[Problem details]: Please write out each entry exactly as it appears.

*** Opening of Exercise materials ***

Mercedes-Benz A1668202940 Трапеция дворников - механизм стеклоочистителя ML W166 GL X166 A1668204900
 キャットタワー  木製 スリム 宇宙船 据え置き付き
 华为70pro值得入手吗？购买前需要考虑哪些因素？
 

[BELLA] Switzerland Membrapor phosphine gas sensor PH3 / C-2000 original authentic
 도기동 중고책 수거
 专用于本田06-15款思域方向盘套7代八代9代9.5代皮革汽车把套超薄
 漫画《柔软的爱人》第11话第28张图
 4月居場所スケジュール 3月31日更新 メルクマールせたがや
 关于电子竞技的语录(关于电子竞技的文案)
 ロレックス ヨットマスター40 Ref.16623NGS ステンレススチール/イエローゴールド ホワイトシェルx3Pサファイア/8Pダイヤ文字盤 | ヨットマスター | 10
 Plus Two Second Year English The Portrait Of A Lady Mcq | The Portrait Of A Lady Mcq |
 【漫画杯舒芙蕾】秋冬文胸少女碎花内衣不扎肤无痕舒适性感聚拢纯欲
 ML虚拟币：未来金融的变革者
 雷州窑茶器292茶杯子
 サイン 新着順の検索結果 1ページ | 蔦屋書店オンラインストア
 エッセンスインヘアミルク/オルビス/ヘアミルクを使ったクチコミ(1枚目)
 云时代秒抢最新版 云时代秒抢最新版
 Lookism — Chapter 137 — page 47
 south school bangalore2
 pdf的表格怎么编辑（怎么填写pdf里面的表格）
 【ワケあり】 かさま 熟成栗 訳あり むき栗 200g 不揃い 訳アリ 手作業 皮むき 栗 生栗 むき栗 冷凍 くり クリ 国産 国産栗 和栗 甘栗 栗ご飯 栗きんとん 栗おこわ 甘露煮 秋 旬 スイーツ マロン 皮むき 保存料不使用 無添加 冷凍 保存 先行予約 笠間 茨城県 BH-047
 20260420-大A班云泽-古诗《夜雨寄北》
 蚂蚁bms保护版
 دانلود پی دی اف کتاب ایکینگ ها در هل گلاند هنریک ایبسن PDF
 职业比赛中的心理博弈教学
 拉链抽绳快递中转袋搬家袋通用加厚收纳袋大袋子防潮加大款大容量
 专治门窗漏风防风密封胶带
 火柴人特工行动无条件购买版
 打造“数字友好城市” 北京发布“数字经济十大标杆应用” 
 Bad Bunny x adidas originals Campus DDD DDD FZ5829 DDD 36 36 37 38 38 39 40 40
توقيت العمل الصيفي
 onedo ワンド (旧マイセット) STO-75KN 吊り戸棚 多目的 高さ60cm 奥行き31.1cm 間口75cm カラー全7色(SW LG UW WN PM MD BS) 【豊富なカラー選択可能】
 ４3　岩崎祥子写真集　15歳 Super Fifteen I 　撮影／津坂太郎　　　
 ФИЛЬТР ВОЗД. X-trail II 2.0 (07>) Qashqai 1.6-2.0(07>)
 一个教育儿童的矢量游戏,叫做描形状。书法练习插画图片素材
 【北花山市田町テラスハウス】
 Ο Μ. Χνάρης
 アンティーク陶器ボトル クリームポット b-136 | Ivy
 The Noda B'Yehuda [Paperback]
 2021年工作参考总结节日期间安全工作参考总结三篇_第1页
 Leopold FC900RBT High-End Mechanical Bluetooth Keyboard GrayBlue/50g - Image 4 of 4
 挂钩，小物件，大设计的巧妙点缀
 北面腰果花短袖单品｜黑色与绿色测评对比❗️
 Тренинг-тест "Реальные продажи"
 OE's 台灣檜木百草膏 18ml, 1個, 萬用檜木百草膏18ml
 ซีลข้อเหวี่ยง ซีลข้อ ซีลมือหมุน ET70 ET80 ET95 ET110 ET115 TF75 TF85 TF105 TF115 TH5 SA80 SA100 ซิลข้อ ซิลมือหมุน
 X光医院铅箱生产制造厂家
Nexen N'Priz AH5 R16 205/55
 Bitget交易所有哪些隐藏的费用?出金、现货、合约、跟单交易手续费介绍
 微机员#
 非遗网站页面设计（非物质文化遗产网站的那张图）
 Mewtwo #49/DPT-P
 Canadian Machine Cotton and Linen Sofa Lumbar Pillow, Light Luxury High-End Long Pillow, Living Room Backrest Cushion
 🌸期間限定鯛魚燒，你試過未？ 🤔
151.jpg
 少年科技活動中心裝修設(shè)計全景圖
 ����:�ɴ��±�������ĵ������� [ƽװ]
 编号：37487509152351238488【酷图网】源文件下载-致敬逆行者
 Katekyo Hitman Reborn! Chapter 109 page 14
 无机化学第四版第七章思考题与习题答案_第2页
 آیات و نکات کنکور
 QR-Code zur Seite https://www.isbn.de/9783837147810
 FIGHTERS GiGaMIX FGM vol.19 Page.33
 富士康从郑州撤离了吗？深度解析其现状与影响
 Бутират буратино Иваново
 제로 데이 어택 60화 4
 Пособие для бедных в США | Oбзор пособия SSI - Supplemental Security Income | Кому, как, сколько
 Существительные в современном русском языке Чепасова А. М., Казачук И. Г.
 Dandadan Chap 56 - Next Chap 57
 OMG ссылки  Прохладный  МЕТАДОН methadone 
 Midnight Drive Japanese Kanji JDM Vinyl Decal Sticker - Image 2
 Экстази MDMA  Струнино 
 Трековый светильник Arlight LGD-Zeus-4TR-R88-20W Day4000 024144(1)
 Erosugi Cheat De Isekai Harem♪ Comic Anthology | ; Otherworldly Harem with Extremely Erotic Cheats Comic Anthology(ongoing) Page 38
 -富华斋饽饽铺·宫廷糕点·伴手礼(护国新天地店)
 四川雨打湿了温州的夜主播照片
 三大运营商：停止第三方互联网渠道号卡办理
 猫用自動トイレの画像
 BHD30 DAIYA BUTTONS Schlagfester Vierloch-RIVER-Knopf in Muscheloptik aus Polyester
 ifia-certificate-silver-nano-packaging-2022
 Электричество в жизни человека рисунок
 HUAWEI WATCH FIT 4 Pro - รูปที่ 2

*** Close of Exercise materials ***

[Task response]:
Mercedes-Benz A1668202940 Трапеция дворников - механизм стеклоочистителя ML W166 GL X166 A1668204900
 キャットタワー  木製 スリム 宇宙船 据え置き付き
 华为70pro值得入手吗？购买前需要考虑哪些因素？
 

[BELLA] Switzerland Membrapor phosphine gas sensor PH3 / C-2000 original authentic
 도기동 중고책 수거
 专用于本田06-15款思域方向盘套7代八代9代9.5代皮革汽车把套超薄
 漫画《柔软的爱人》第11话第28张图
 4月居場所スケジュール 3月31日更新 メルクマールせたがや
 关于电子竞技的语录(关于电子竞技的文案)
 ロレックス ヨットマスター40 Ref.16623NGS ステンレススチール/イエローゴールド ホワイトシェルx3Pサファイア/8Pダイヤ文字盤 | ヨットマスター | 10
 Plus Two Second Year English The Portrait Of A Lady Mcq | The Portrait Of A Lady Mcq |
 【漫画杯舒芙蕾】秋冬文胸少女碎花内衣不扎肤无痕舒适性感聚拢纯欲
 ML虚拟币：未来金融的变革者
 雷州窑茶器292茶杯子
 サイン 新着順の検索結果 1ページ | 蔦屋書店オンラインストア
 エッセンスインヘアミルク/オルビス/ヘアミルクを使ったクチコミ(1枚目)
 云时代秒抢最新版 云时代秒抢最新版
 Lookism — Chapter 137 — page 47
 south school bangalore2
 pdf的表格怎么编辑（怎么填写pdf里面的表格）
 【ワケあり】 かさま 熟成栗 訳あり むき栗 200g 不揃い 訳アリ 手作業 皮むき 栗 生栗 むき栗 冷凍 くり クリ 国産 国産栗 和栗 甘栗 栗ご飯 栗きんとん 栗おこわ 甘露煮 秋 旬 スイーツ マロン 皮むき 保存料不使用 無添加 冷凍 保存 先行予約 笠間 茨城県 BH-047
 20260420-大A班云泽-古诗《夜雨寄北》
 蚂蚁bms保护版
 دانلود پی دی اف کتاب ایکینگ ها در هل گلاند هنریک ایبسن PDF
 职业比赛中的心理博弈教学
 拉链抽绳快递中转袋搬家袋通用加厚收纳袋大袋子防潮加大款大容量
 专治门窗漏风防风密封胶带
 火柴人特工行动无条件购买版
 打造“数字友好城市” 北京发布“数字经济十大标杆应用” 
 Bad Bunny x adidas originals Campus DDD DDD FZ5829 DDD 36 36 37 38 38 39 40 40
توقيت العمل الصيفي
 onedo ワンド (旧マイセット) STO-75KN 吊り戸棚 多目的 高さ60cm 奥行き31.1cm 間口75cm カラー全7色(SW LG UW WN PM MD BS) 【豊富なカラー選択可能】
 ４3　岩崎祥子写真集　15歳 Super Fifteen I 　撮影／津坂太郎　　　
 ФИЛЬТР ВОЗД. X-trail II 2.0 (07>) Qashqai 1.6-2.0(07>)
 一个教育儿童的矢量游戏,叫做描形状。书法练习插画图片素材
 【北花山市田町テラスハウス】
 Ο Μ. Χνάρης
 アンティーク陶器ボトル クリームポット b-136 | Ivy
 The Noda B'Yehuda [Paperback]
 2021年工作参考总结节日期间安全工作参考总结三篇_第1页
 Leopold FC900RBT High-End Mechanical Bluetooth Keyboard GrayBlue/50g - Image 4 of 4
 挂钩，小物件，大设计的巧妙点缀
 北面腰果花短袖单品｜黑色与绿色测评对比❗️
 Тренинг-тест "Реальные продажи"
 OE's 台灣檜木百草膏 18ml, 1個, 萬用檜木百草膏18ml
 ซีลข้อเหวี่ยง ซีลข้อ ซีลมือหมุน ET70 ET80 ET95 ET110 ET115 TF75 TF85 TF105 TF115 TH5 SA80 SA100 ซิลข้อ ซิลมือหมุน
 X光医院铅箱生产制造厂家
Nexen N'Priz AH5 R16 205/55
 Bitget交易所有哪些隐藏的费用?出金、现货、合约、跟单交易手续费介绍
 微机员#
 非遗网站页面设计（非物质文化遗产网站的那张图）
 Mewtwo #49/DPT-P
 Canadian Machine Cotton and Linen Sofa Lumbar Pillow, Light Luxury High-End Long Pillow, Living Room Backrest Cushion
 🌸期間限定鯛魚燒，你試過未？ 🤔
151.jpg
 少年科技活動中心裝修設(shè)計全景圖
 ����:�ɴ��±�������ĵ������� [ƽװ]
 编号：37487509152351238488【酷图网】源文件下载-致敬逆行者
 Katekyo Hitman Reborn! Chapter 109 page 14
 无机化学第四版第七章思考题与习题答案_第2页
 آیات و نکات کنکور
 QR-Code zur Seite https://www.isbn.de/9783837147810
 FIGHTERS GiGaMIX FGM vol.19 Page.33
 富士康从郑州撤离了吗？深度解析其现状与影响
 Бутират буратино Иваново
 제로 데이 어택 60화 4
 Пособие для бедных в США | Oбзор пособия SSI - Supplemental Security Income | Кому, как, сколько
 Существительные в современном русском языке Чепасова А. М., Казачук И. Г.
 Dandadan Chap 56 - Next Chap 57
 OMG ссылки  Прохладный  МЕТАДОН methadone 
 Midnight Drive Japanese Kanji JDM Vinyl Decal Sticker - Image 2
 Экстази MDMA  Струнино 
 Трековый светильник Arlight LGD-Zeus-4TR-R88-20W Day4000 024144(1)
 Erosugi Cheat De Isekai Harem♪ Comic Anthology | ; Otherworldly Harem with Extremely Erotic Cheats Comic Anthology(ongoing) Page 38
 -富华斋饽饽铺·宫廷糕点·伴手礼(护国新天地店)
 四川雨打湿了温州的夜主播照片
 三大运营商：停止第三方互联网渠道号卡办理
 猫用自動トイレの画像
 BHD30 DAIYA BUTTONS Schlagfester Vierloch-RIVER-Knopf in Muscheloptik aus Polyester
 ifia-certificate-silver-nano-packaging-2022
 Электричество в жизни человека рисунок
 HUAWEI WATCH FIT 4 Pro - รูปที่ 2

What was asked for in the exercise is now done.